An analytical model of Faraday rotation in hot alkali metal vapours

TL;DR

This paper develops an analytical model for Faraday rotation in hot alkali vapours, accurately predicting rotation and absorption spectra, and identifies regimes where hyperfine pumping effects are negligible.

Contribution

It introduces a simple analytical model for off-resonant Faraday rotation applicable to all hot alkali vapours, validated against experimental data.

Findings

Model predicts Faraday rotation within 1% accuracy at high temperatures.

Identifies a weak probe intensity limit where hyperfine pumping is negligible.
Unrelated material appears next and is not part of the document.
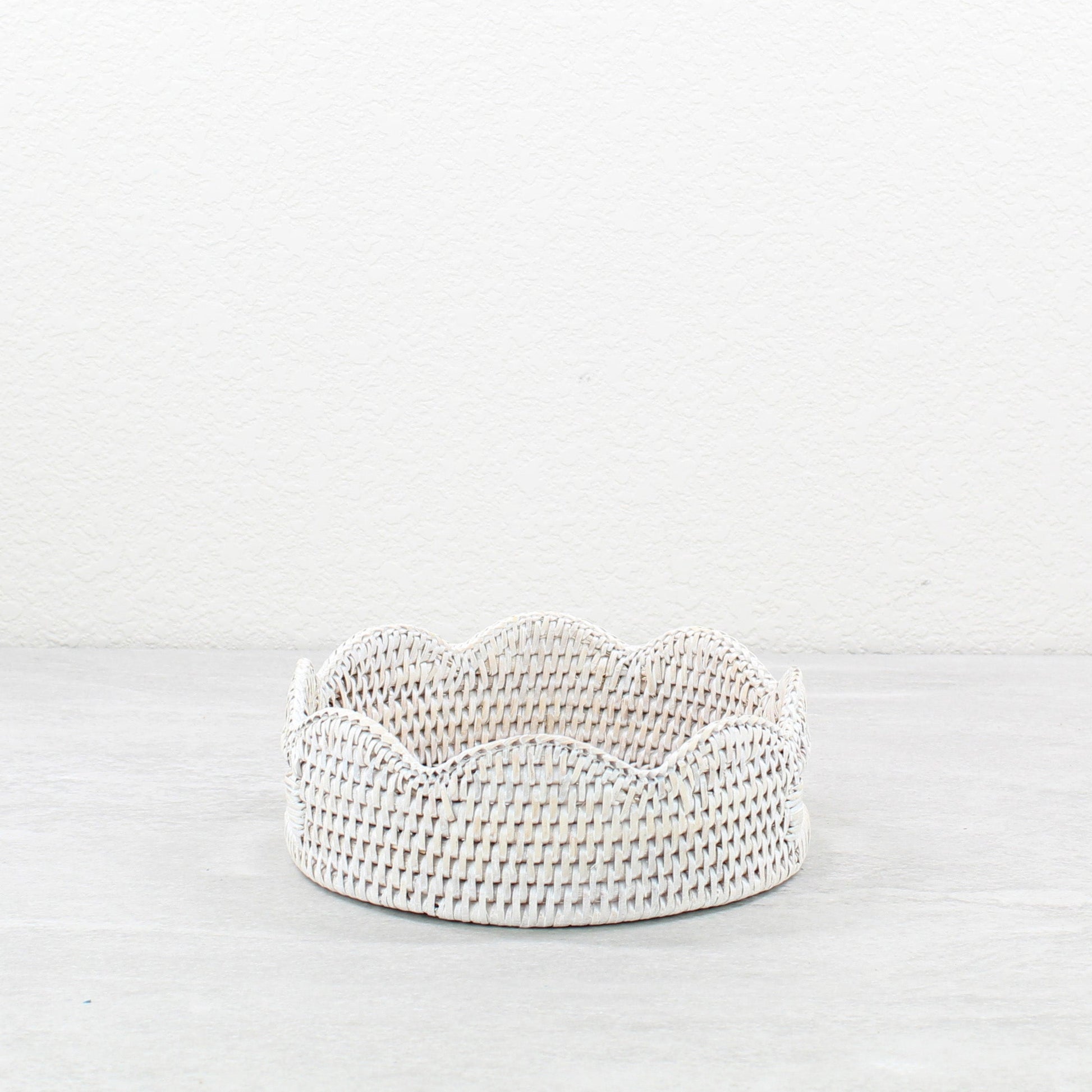 Eco Handcraft scalloped round rattan tray with handles for bright, calming vanity display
Computer code accurately predicts Doppler-broadened spectra within 0.5% rms deviation.

Abstract

We report a thorough investigation into the absorptive and dispersive properties of hot caesium vapour, culminating in the development of a simple analytical model for off-resonant Faraday rotation. The model, applicable to all hot alkali metal vapours, is seen to predict the rotation observed in caesium, at temperatures as high as 115 $^{\circ}$C, to within 1% accuracy for probe light detuned by greater than 2 GHz from the $D_{2}$ lines. We also demonstrate the existence of a weak probe intensity limit, below which the effect of hyperfine pumping is negligible. Following the identification of this regime we validate a more comprehensive model for the absorption and dispersion in the vicinity of the $D_{2}$ lines, implemented in the form of a computer code. We demonstrate the ability of this model to predict Doppler-broadened spectra to within 0.5% rms deviation for temperatures up to 50 $^{\circ}$C.